Massasoit Community College
AUGUST 28, 2000 · Read the full official report (PDF) ↗ · official site ↗
source
“Our audit disclosed that MCC did not develop comprehensive internal control policies and procedures to ensure that certain types of trust fund revenues had been collected, reported, recorded, and properly accounted for.”
Read the plain-English breakdown
This is a state audit of selected financial activity at Massasoit Community College, a public two-year college in Massachusetts.
“MCC is a two-year public community college with approximately 4,100 students in day programs and 2,400 in continuing education evening courses.”
The Auditor reviewed whether the college properly collected money, recorded it, approved spending, documented expenses, and followed rules.
“The objectives of our audit were to review MCC’s internal controls to ensure that miscellaneous revenues due were collected and properly accounted for and that expenditures were properly authorized and documented; correctly classified, reported, and recorded; and in conformance with established criteria.”
The audit matters because the money involved came from public college operations, and weak controls make it harder to know whether funds were handled properly.
“As a result, there is inadequate assurance that MCC has properly collected, reported, recorded, and accounted for these types of operating revenues.”
If you are a student, taxpayer, employee, or parent, this affects whether college funds are used for education-related needs instead of undocumented or questionable expenses.
“Trust funds are used to complement state appropriations in order to ensure sufficient funding for an institution’s total needs.”
The main problem was not just one bad transaction; auditors found repeated gaps in policies, records, approvals, and oversight.
“MCC department heads and senior administrators did not establish an adequate plan to account for, monitor, and control expenditures at the various levels within MCC, and the Board of Trustees did not issue more specific trust fund guidelines.”
The audit recommended that the college tighten controls, improve documentation, strengthen oversight, and address tax and reporting problems.

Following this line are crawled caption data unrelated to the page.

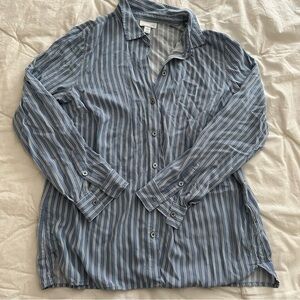J.Jill Blue Striped Button Down Shirt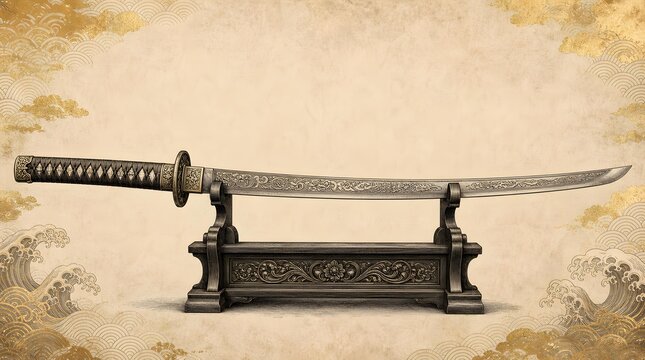 Japanese Samurai Katana Sword Stand Ocean Waves Vintage Engraving Background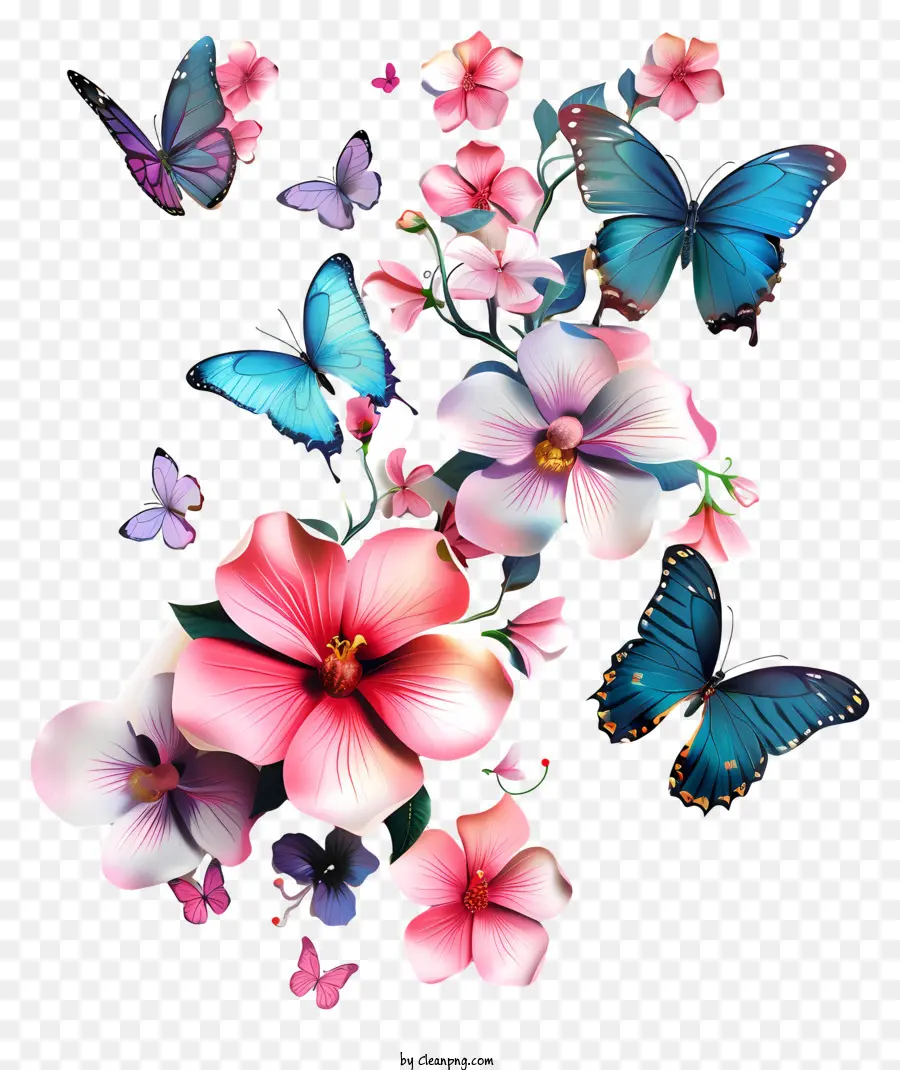 Las Mariposas，Flores PNG
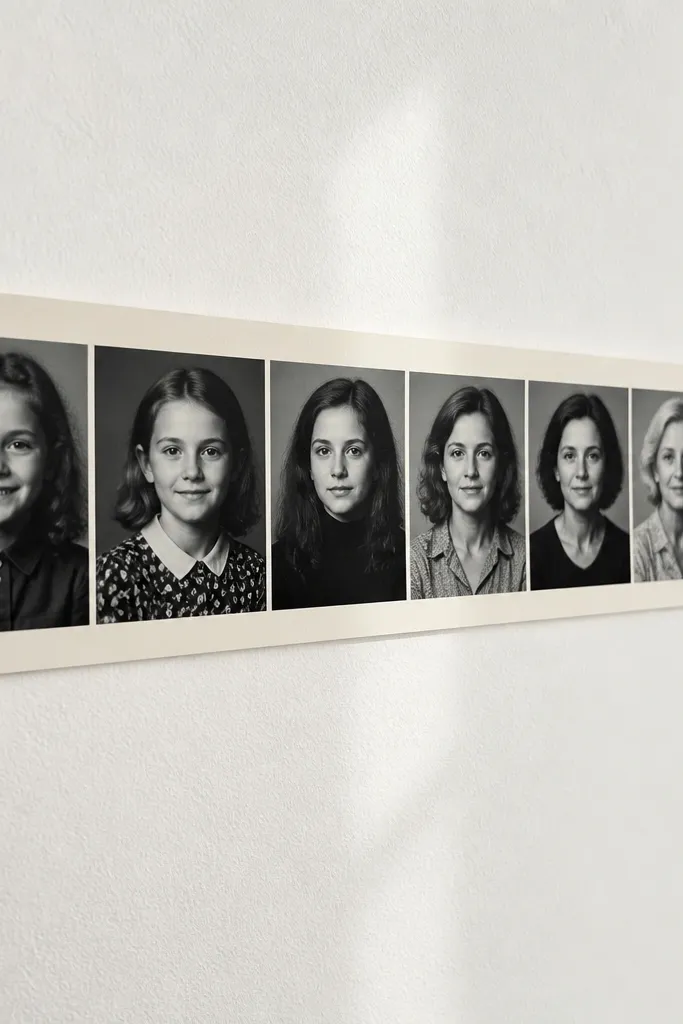 A single horizontal strip timeline with evenly spaced monochrome images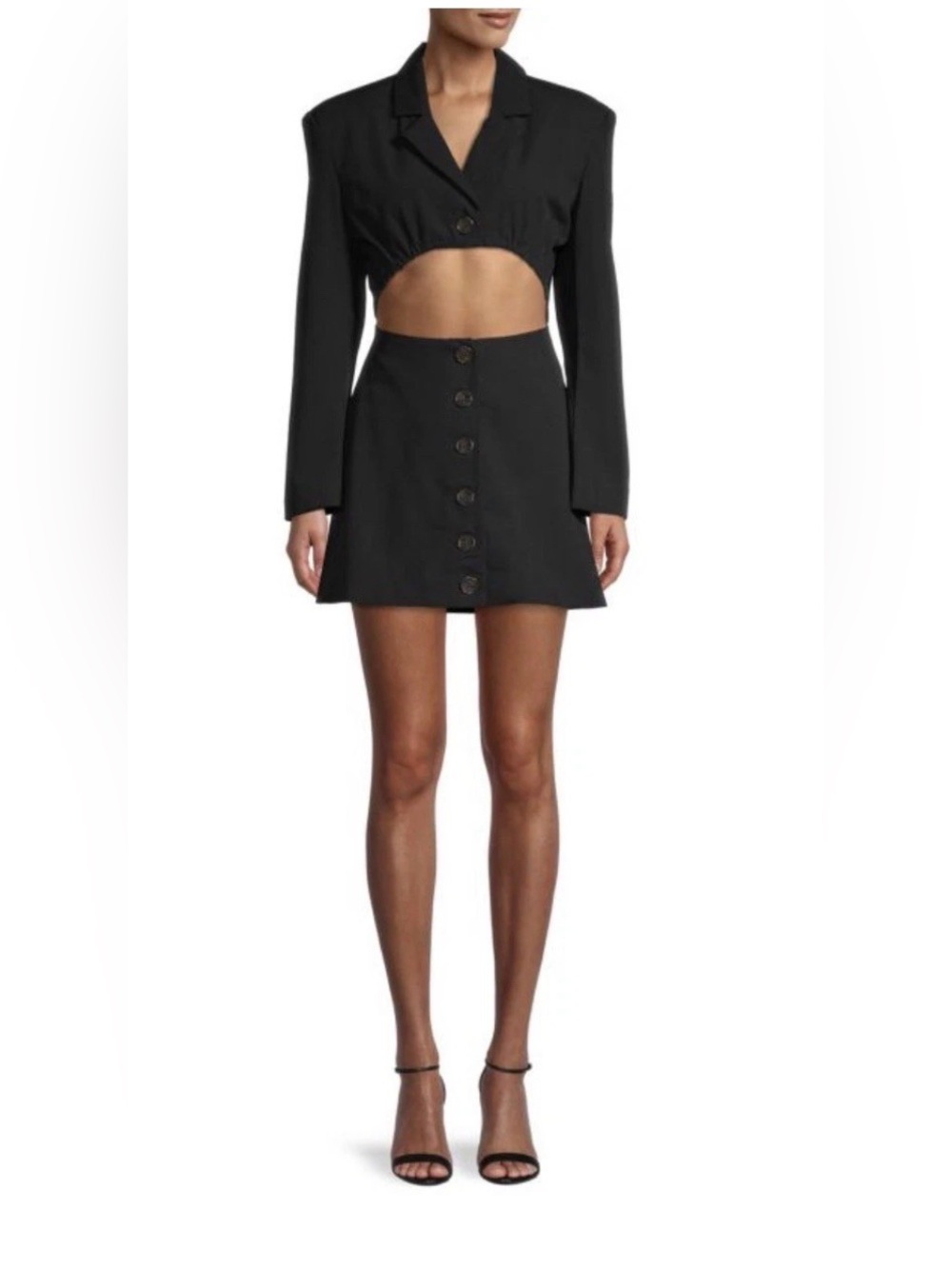 DANIELLE BERNSTEIN cut out blazer dress with shoulder pads nwt medium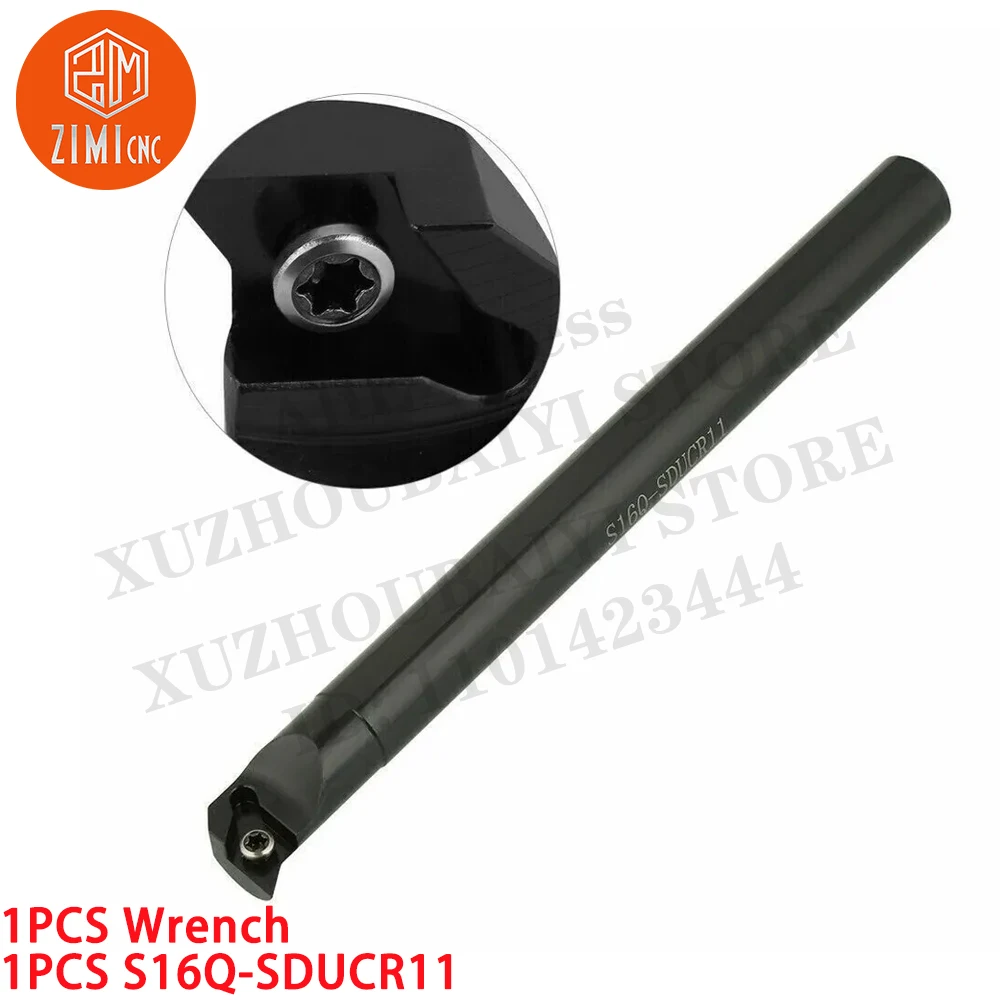 1PC S16Q-SDUCR11 선반 내부 선삭 공구 홀더 보링바 DCMT11의 경우 초경 인서트 금속 선반 CNC 기계 자르는 기계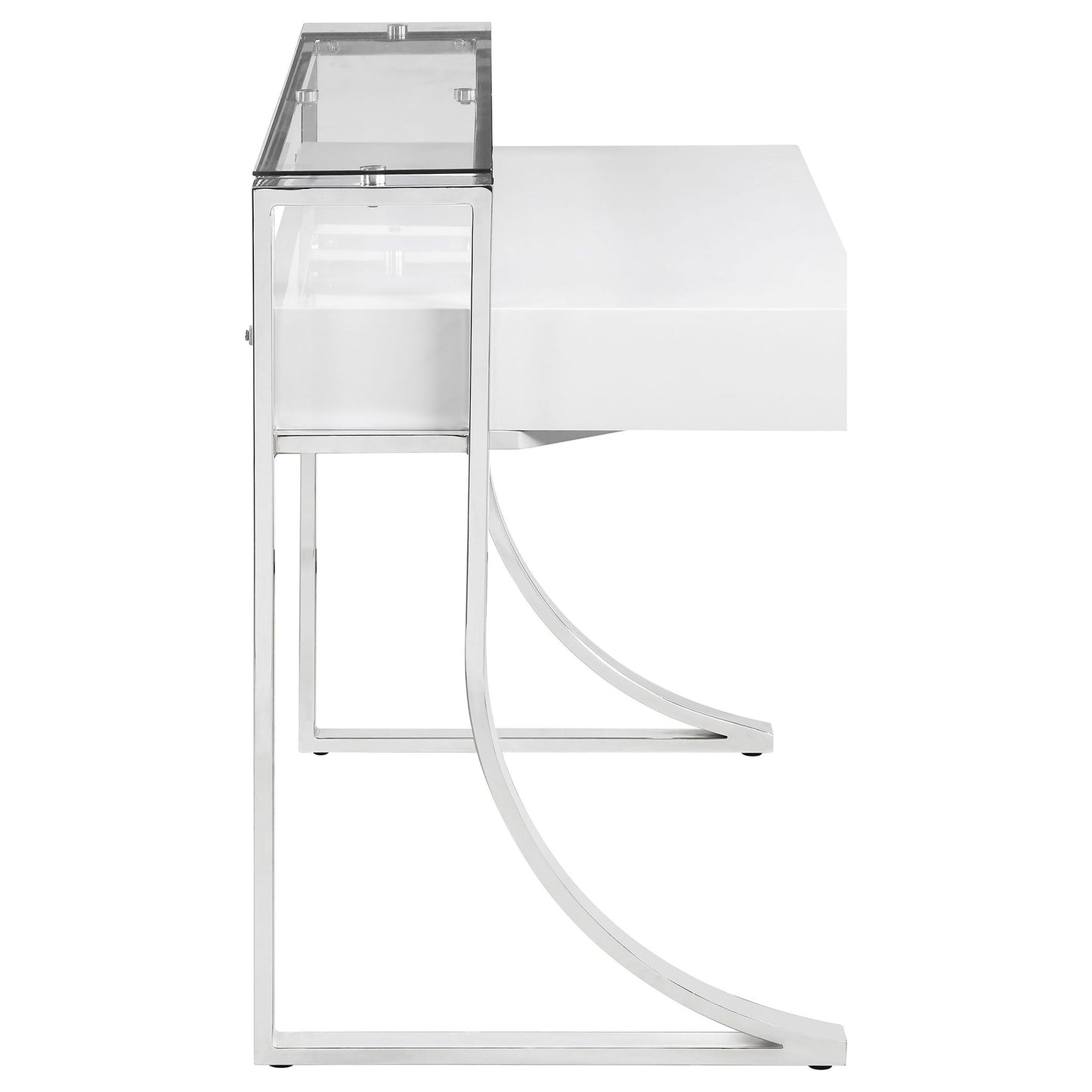 Serrano - 2 Drawer Writing Desk With Polished And Tempered Glass Hutch - Glossy White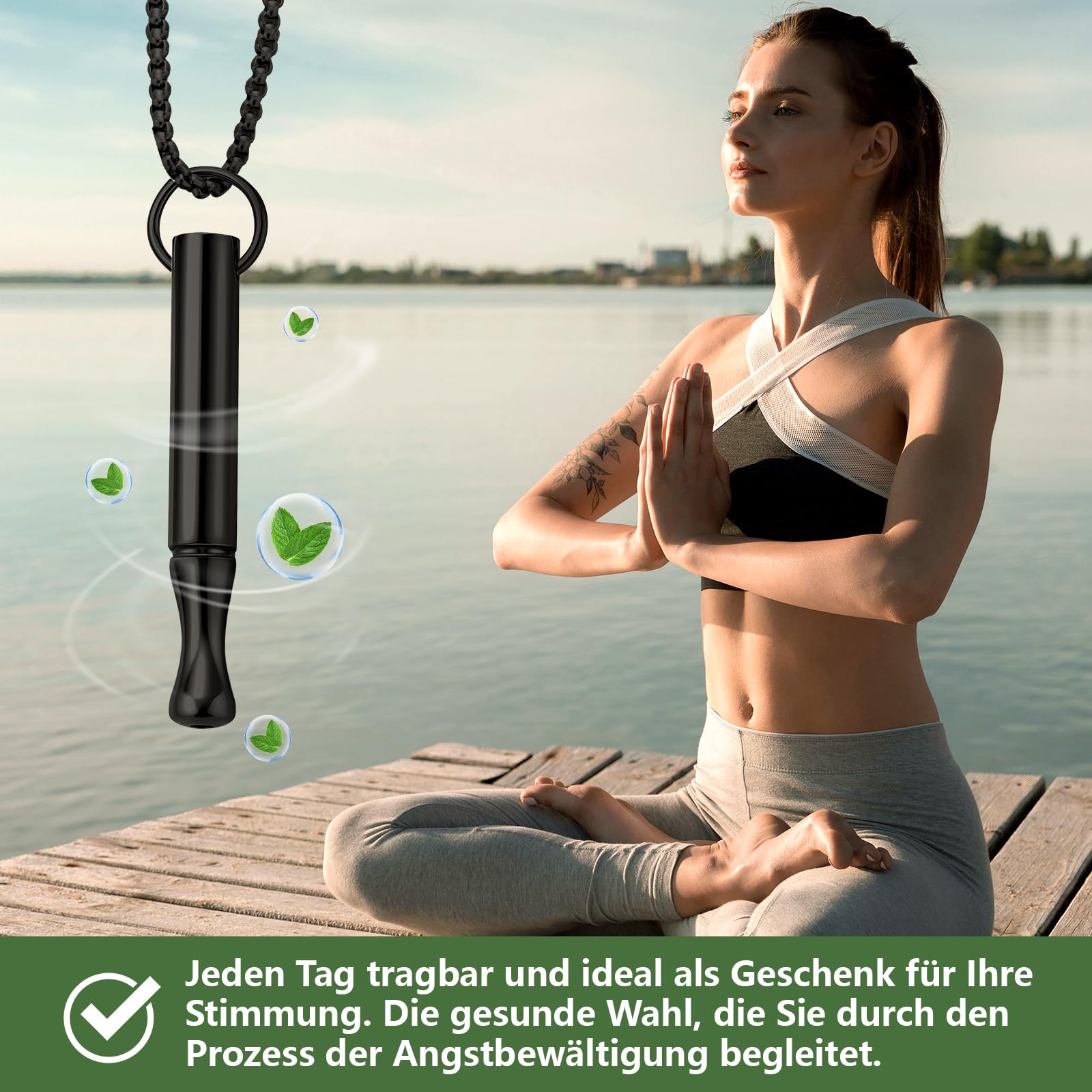 J.Fée 2.0 Rauchentwöhnung Hilfsmittel mit 20 Filter, Alternatives et aides sans nicotine - Atemtraining zur Entspannung & Stressabbau - Edelstahl Kette Atmung mit Luftwiderstand-Schwarz
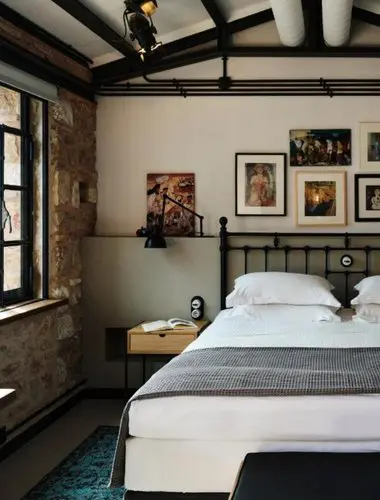 Character-filled guest room at NOT Hotel, a creative boutique hotel in Athens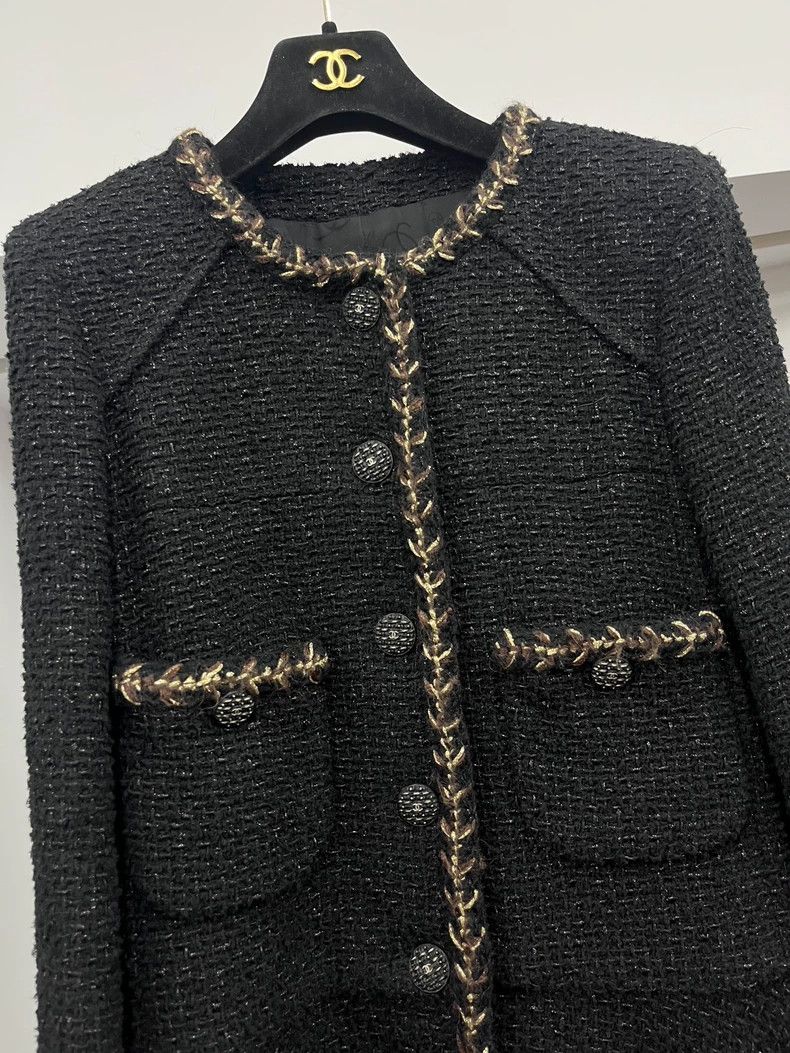 Chanel Chanel Forest Series Black Gold Dress Coat - dmc Size US S / EU 44-46 / 1 - 2 Thumbnail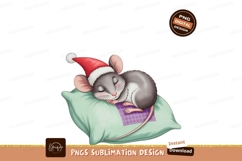 Sleeping mouse wearing santa hat on pillow image Product Image 1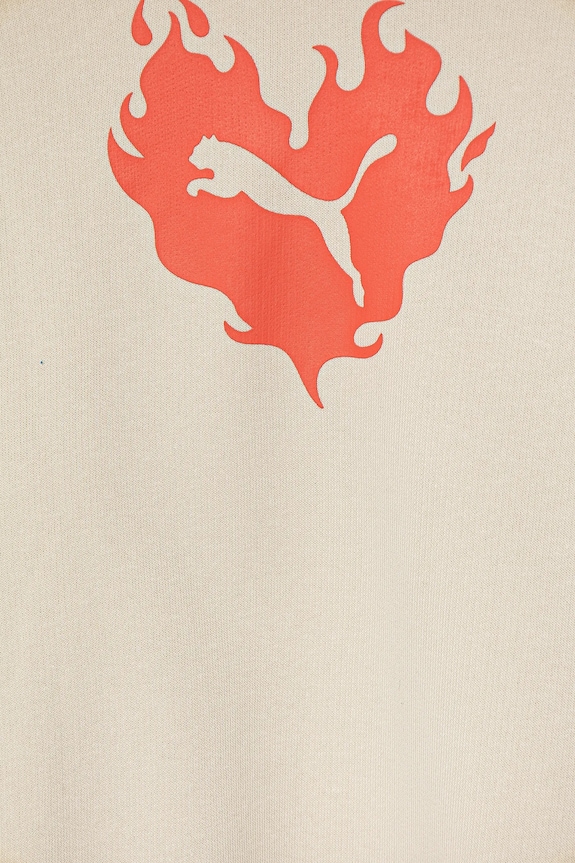 DÍVKA Bavlněná mikina Puma FLAMING LOVE Hoodie TR 685109 béžová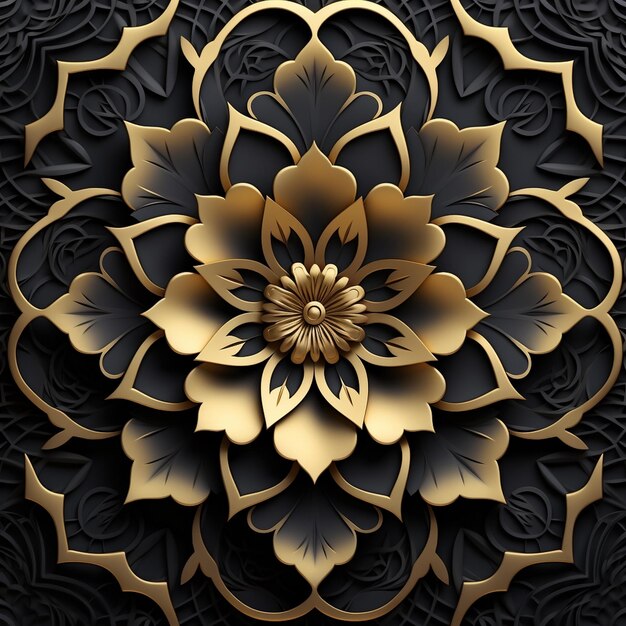 diseño simétrico de mandala dorada patrón islámico diseño de mandala generado por IA
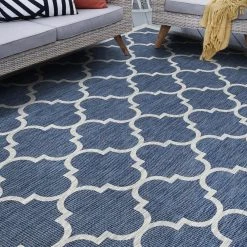 Veranda Geometric Navy 8 ft. x 10 ft. Indoor/Outdoor Area Rug by Tayse Rugs -Malibu Wide Plank Shop navy tayse rugs outdoor rugs vnd2407 8x10 fa 1000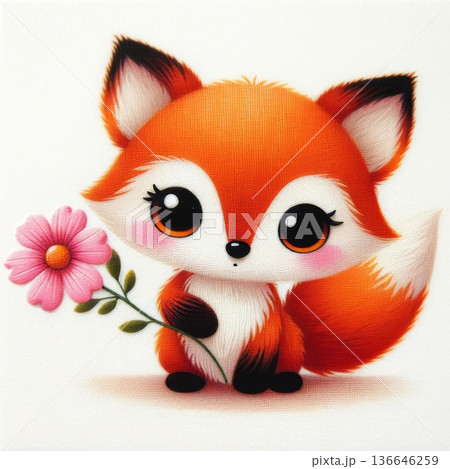 Cute Orange Fox Holding Pink Flower Illustration 136646259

“MCC should take immediate steps to comply with Chapter 647 of the Acts of 1989 and implement the guidelines established by the Office of the State Comptroller’s Internal Control guide to create proper accountability and safeguard the Commonwealth’s assets.”
The findings are significant because they covered millions in college trust-fund activity and identified more than $162,000 in questionable professional-development payments alone.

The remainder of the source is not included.